Also, promoting Javascript and HTML5 as first-class citizens in the Windows 8
environment opens the door to native app development for a massive population
of web developers, which is a huge event in software engineering. Web devs
will be able to create the same kinds of dynamic UIs with web connectivity as
they always have but with the added bonus of file system, GPU, and other kinds
of OS access. As a web dev, I'm stoked.

Yes, Microsoft is heavily favoring touch interaction at the expense of the
mouse and keyboard interface. It does indeed seem like the unforgiving
interface is meant to push touch screen sales, but if people adopt touch
screen devices as much as Microsoft is betting, then Windows 8 will be a huge
hit.

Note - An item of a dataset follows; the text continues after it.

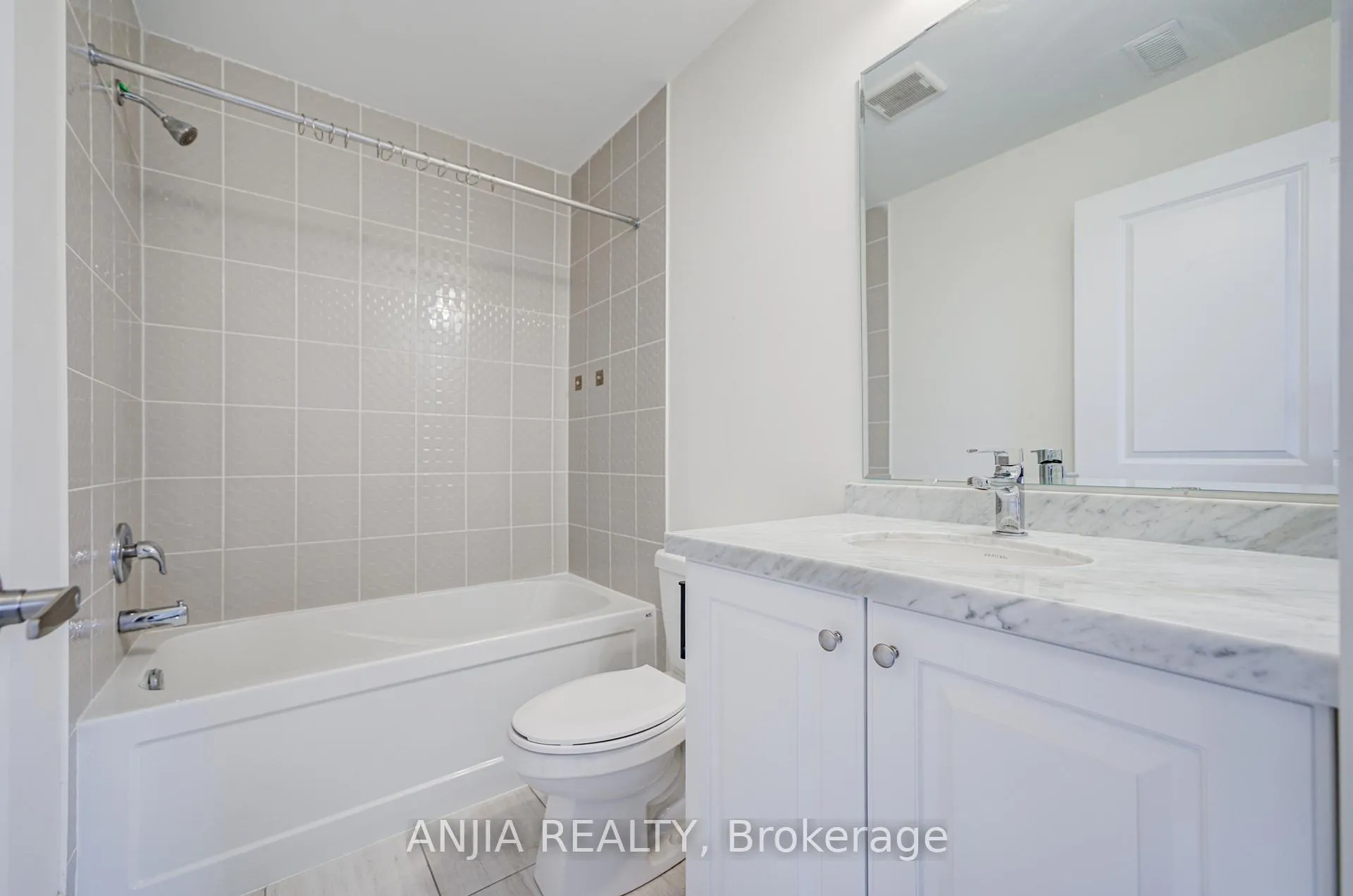Photo 8 of 329 Swan Park Road, Markham, Greensborough — HOMEH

Despite the mouse and keyboard UX, I say kudos to MSFT for trying to
advance human-computer interaction beyond the status quo since 1963.

------
antidoh
I think Microsoft really liked the Office Ribbon, and they really liked the
overall reaction that people had to the Ribbon. So they expanded the Ribbon
beyond obscuring the menus of their Office suite, to obscuring the entire
desktop/tablet.

The only thing a tablet OS has to do is be obvious about how to use the
tablet. If you're really good, your tablet OS will be so obvious that people
who successfully use the OS won't be able to explain how to use it, because
they never had to think about it.

The only thing a desktop OS has to do is not break convention too terribly or
suddenly without obvious benefit.

They only thing the two types of OS have to do jointly is don't interfere with
each other. They don't need to support each others' metaphors any more than a
bicycle needs clip pedals that accept fins.

------
deelowe
It's very clear to me what's going on here. This isn't a tablet os or a
desktop os, because I believe that Microsoft is expecting the distinction
between those devices to become less of a factor sooner than later. This os is
intended for a mobile workstation type computer (AKA "transformer" devices).
The implementation could use some polish, but the intent is that the metro ui
is for the tablet or phone interface when there is no large format display or
mouse connected. The desktop mode is for when the device is hooked up to a
larger display and/or a mouse. However, why there isn't a clearer separation
between the two interfaces is beyond me. I think this is a smart strategy by
microsoft, the real question is whether they got it right. So far, I'm not
convinced. That said, Asus seems to be sold on the idea.

------
altrego99
To me it looks like Windows 8 is going to be a repeat of Unity interface.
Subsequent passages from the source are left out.